“I wish Maria Taylor all the success in the world — she covers football, she covers basketball. If you need to give her more things to do because you are feeling pressure about your crappy longtime record on diversity — which, by the way, I know personally from the female side of it — like, go for it. Just find it somewhere else. You are not going to find it from me or taking my thing away.”
—-ESPN sideline reporter Rachel Nichols in a phone conversation nearly a year ago after learning that she would not host coverage during the 2020 N.B.A. finals, as she had been expecting.

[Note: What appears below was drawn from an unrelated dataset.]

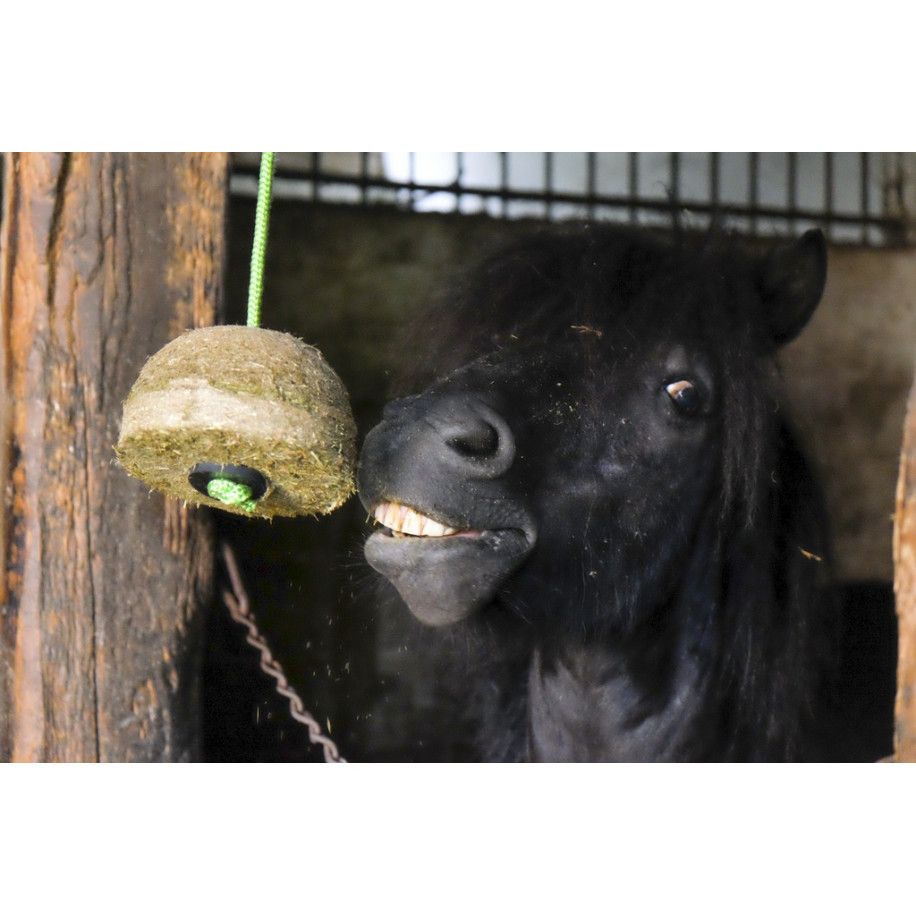HIPPOTONIC Heu Block, Natürlicher Heu Geschmack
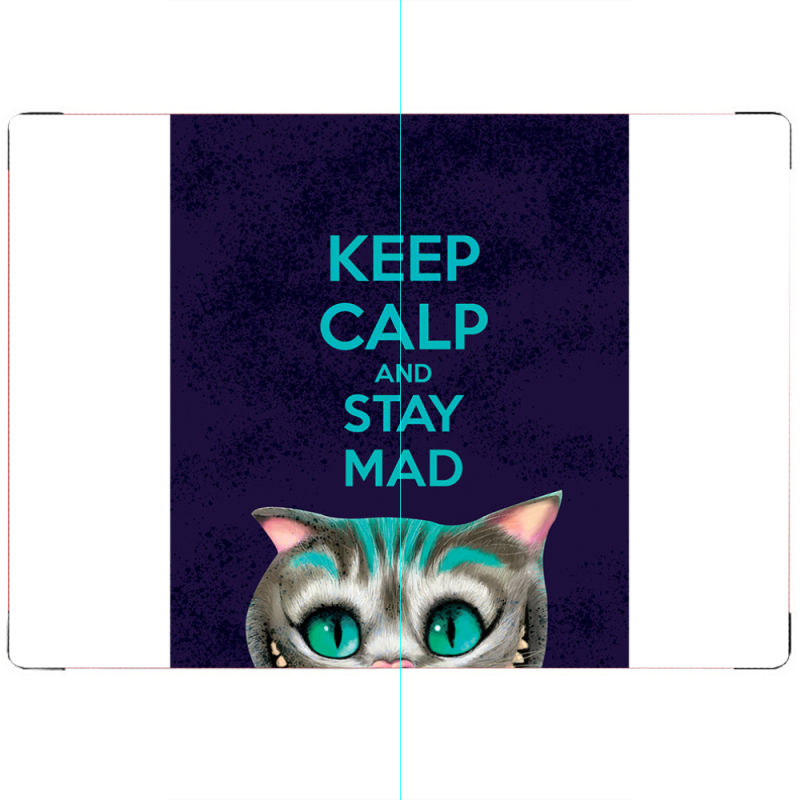 ПАСПОРТ Stay Mad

The phone call, unbeknownst to her, was being recorded, and someone leaked it to the ESPN brass and the public. The ethical issues raised by that conduct are clear and have been discussed here often: it is a dastardly thing to do, a breach of basic Golden Rule ethics, and indefensible because it creates harm to all involved. But that’s not the issue at hand.
After the video was leaked, many black ESPN employees told one another that it confirmed their suspicions that outwardly supportive white people talk differently behind closed doors. Nichols, seeing the ominous handwriting on the wall, tried to apologize to Taylor with texts and phone calls. Taylor did not respond. Meanwhile, ESPN employees turned against Nichols, whom they perceived as indulging in a “common criticism used by white workers in many workplaces to disparage nonwhite colleagues” when she suggested that “Taylor was offered the hosting job only because of her race, not because she was the best person for the job.”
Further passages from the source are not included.